Exercise aim =
Transcribe this listing exactly; omit the pictures.

Recorded information =
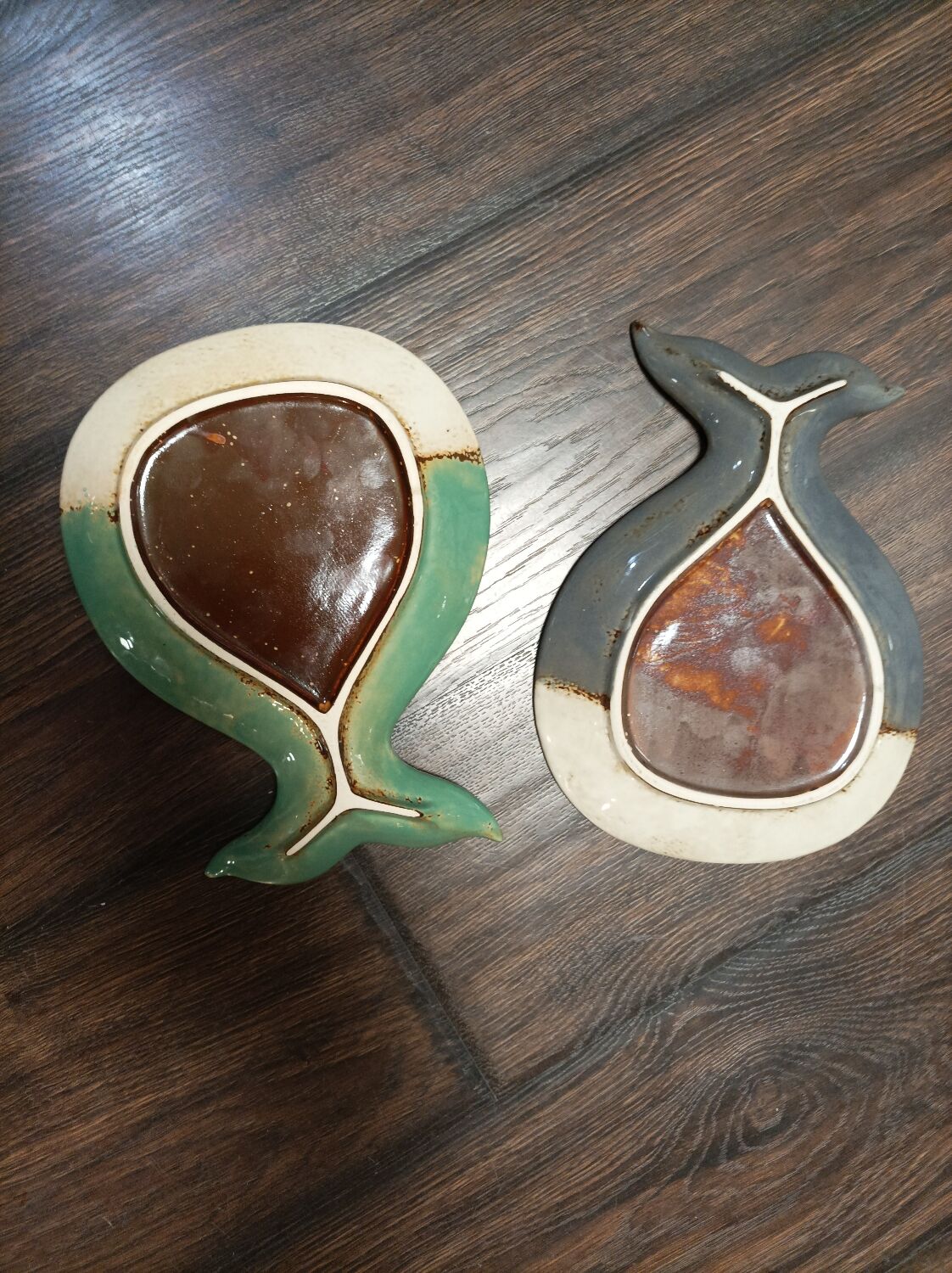 Set of 2 stoneware dishes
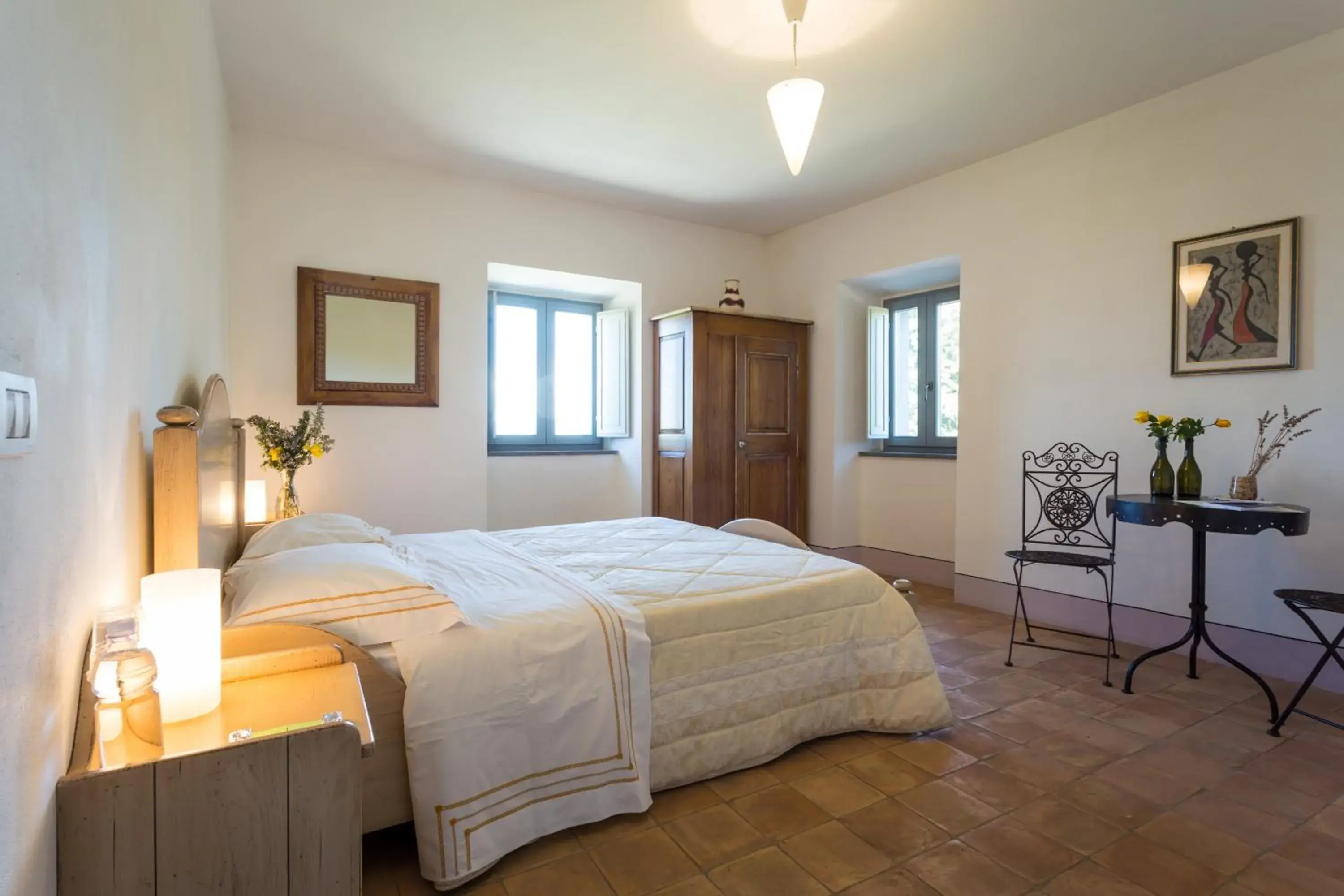 Queen Room with Spa Bath - single occupancy in Podere Orto Wine Country House Queen Room with Spa Bath - single occupancy in Podere Orto Wine Country House
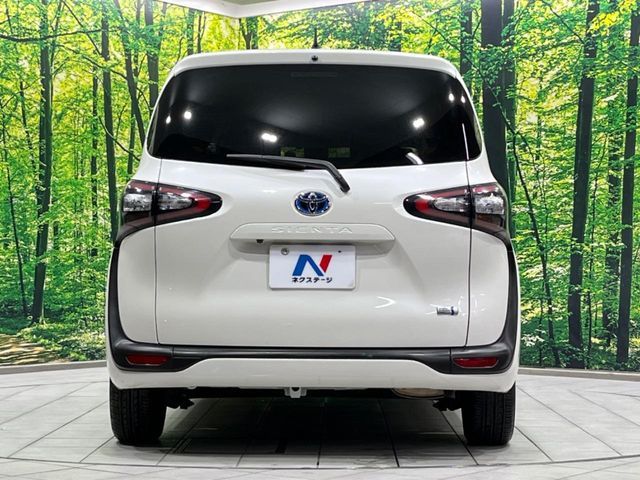 SIENTA HYBRID
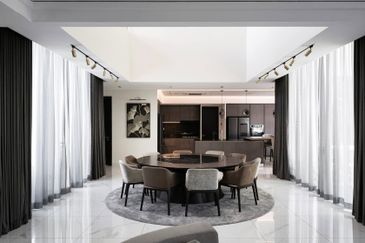 Kota Kemuing Lakeview House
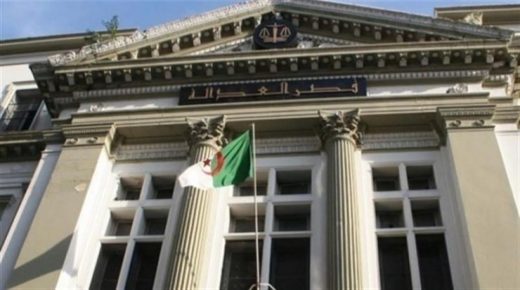 الجزائر: 69 شخصا عرضوا على القضاء لانتهاكهم قانون الانتخاب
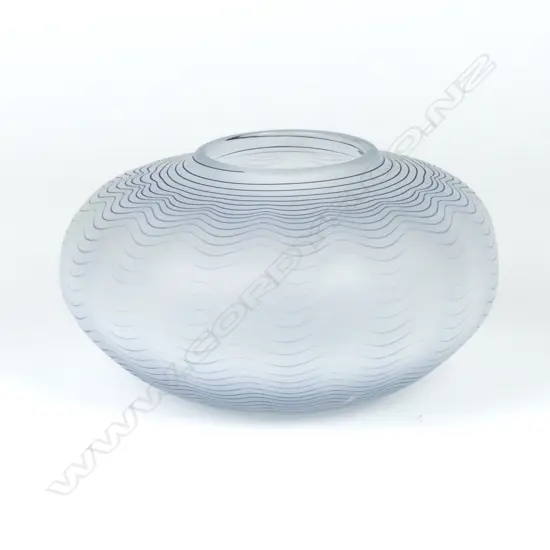 An early Ann Robinson 'trail' vase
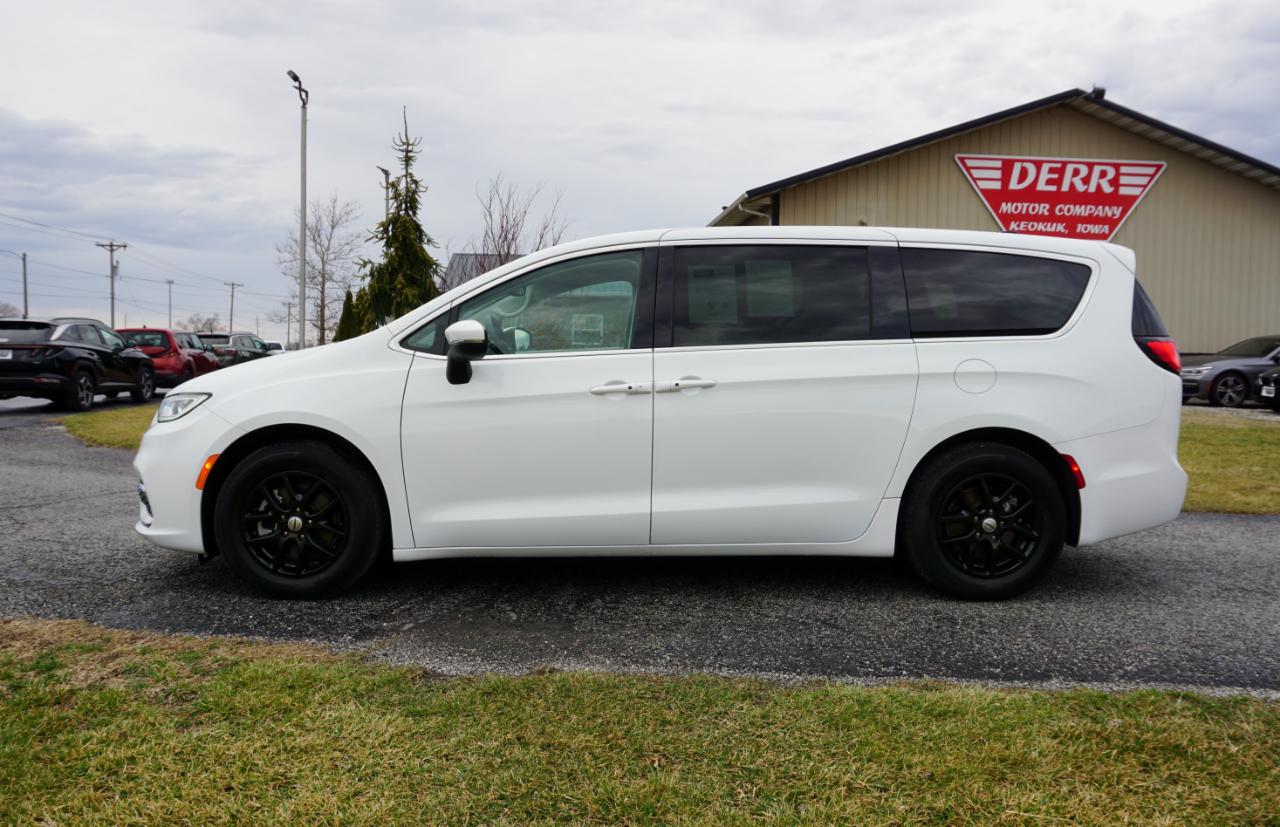 Chrysler Pacifica Touring L 2023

Result =
 Set of 2 stoneware dishes
 Queen Room with Spa Bath - single occupancy in Podere Orto Wine Country House Queen Room with Spa Bath - single occupancy in Podere Orto Wine Country House
 SIENTA HYBRID
 Kota Kemuing Lakeview House
 الجزائر: 69 شخصا عرضوا على القضاء لانتهاكهم قانون الانتخاب
 An early Ann Robinson 'trail' vase
 Chrysler Pacifica Touring L 2023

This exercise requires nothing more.